Contrairement à ce que prétendent les gouvernants, de droite comme de gauche, c’est la lutte des travailleurs et des peuples, et la crainte qu’elle représentait pour les classes dirigeantes, qui a représenté des avancées, y compris pour la cause des femmes, et pas l’action des Etats, trop au service des classes dirigeantes pour se préoccuper du sort des opprimés. C’est tout aussi vrai en France, en Belgique que dans le monde musulman ou ailleurs. Oui, les femmes musulmanes, et ceux qui les soutiennent, auraient toutes les raisons de se mobiliser contre les intégristes qui veulent les cacher sous un voile. Mais cela n’a rien à voir avec les préoccupations des gens qui exploitent cette question dans un but démagogique pour camoufler la responsabilité des classes dirigeantes dans les sacrifices subis par les peuples.
Aux USA aussi, c’est face à la crise des années 2000 que les gouvernants ont développé le « danger islamiste » d’un Ben Laden et d’Al Qaida qu’ils avaient eux-mêmes entièrement contribué à produire, pour détourner les risques sociaux liés à la crise économique et sociale aux USA. Ce n’est pas seulement avec le monde musulman que les Etats occidentaux sont en guerre : c’est avec nous, notamment avec les travailleurs français, belges, grecs… Nous lancer dans une haine d’autres peuples, c’est leur manière de détourner notre colère et de nous empêcher de défendre ensemble, ouvriers et paysans, salariés et retraités, jeunes et vieux, wallons et flamands, d’origine religieuse ou nationale quelconque, avec ou sans papiers, avec ou sans croyance religieuse, de nous battre ensemble contre l’enfer que nous prépare le capitalisme…

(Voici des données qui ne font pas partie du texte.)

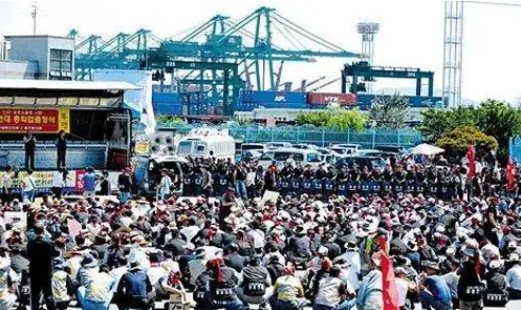 美西奥克兰港卡车司机罢工阻断了该港三个码头的卡车交通，船公司发布预警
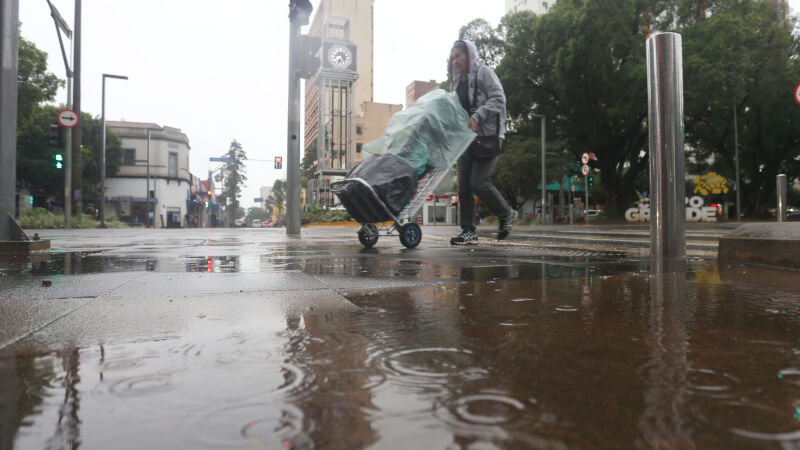 Com frente fria, chove em boa parte do estado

La réalité qu’il ne faut pas que nous oubliions, c’est que tous les exploiteurs, les oppresseurs, les dictateurs et politiciens trompeurs du monde, qu’il soit occidental ou musulman ou d’ailleurs, sont du même bord en face de tous les travailleurs et exploités du monde. C’est cette réalité que le capitalisme en crise cherche à tout prix à masquer, y compris au prix à payer par les peuples de nouveaux Hitler, de nouvelles atrocités mondiales.